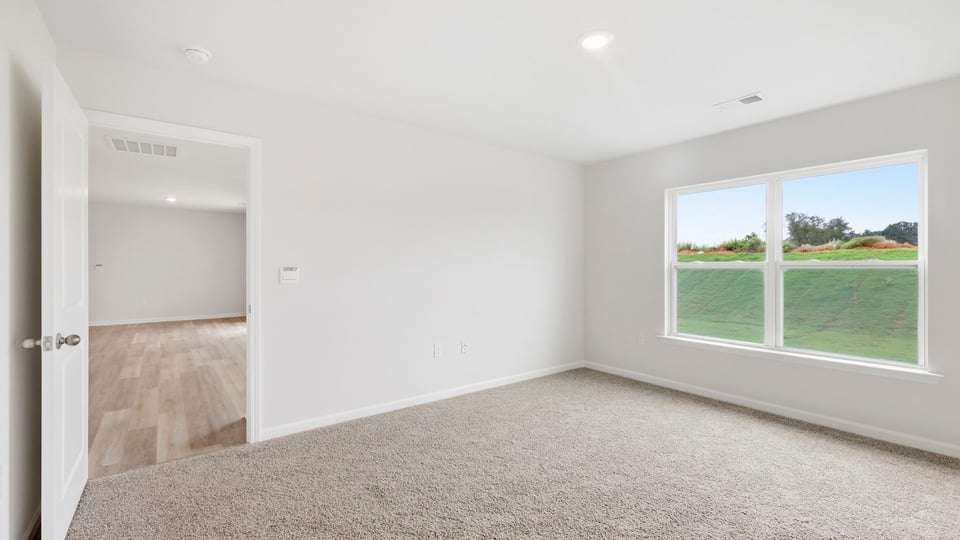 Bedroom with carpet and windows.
==
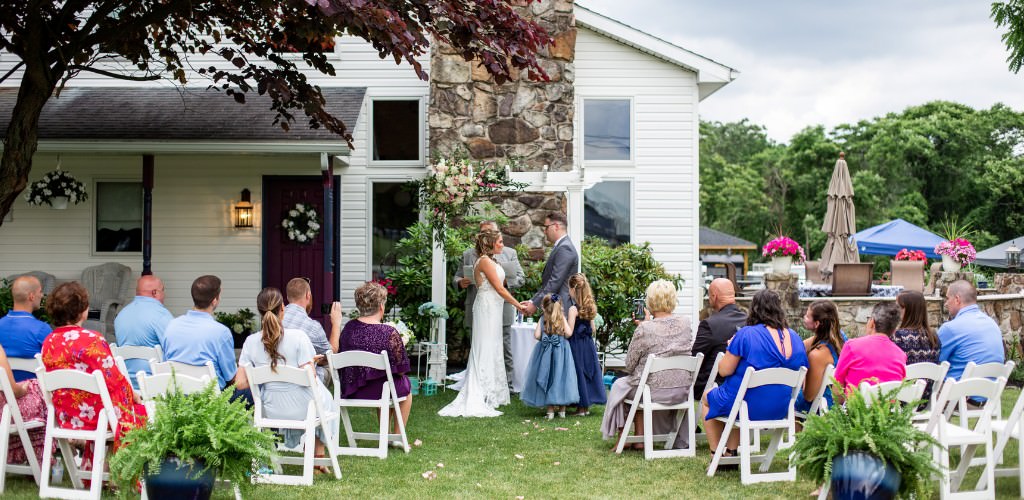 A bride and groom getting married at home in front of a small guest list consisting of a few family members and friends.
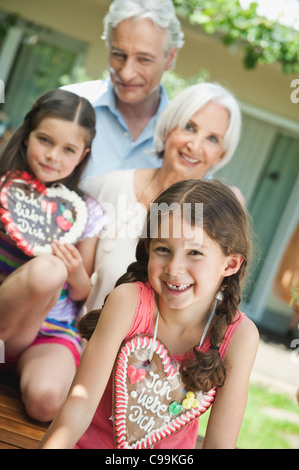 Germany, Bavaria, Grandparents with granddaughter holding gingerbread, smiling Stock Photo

> _Assignment_: Repeat exactly the stretch of the listing above that starts with the line holding "A bride and" and finishes with the line holding "Germany, Bavaria, Grandparents", both included. Skip every picture.

> _Expected answer_:
 A bride and groom getting married at home in front of a small guest list consisting of a few family members and friends.
 Germany, Bavaria, Grandparents with granddaughter holding gingerbread, smiling Stock Photo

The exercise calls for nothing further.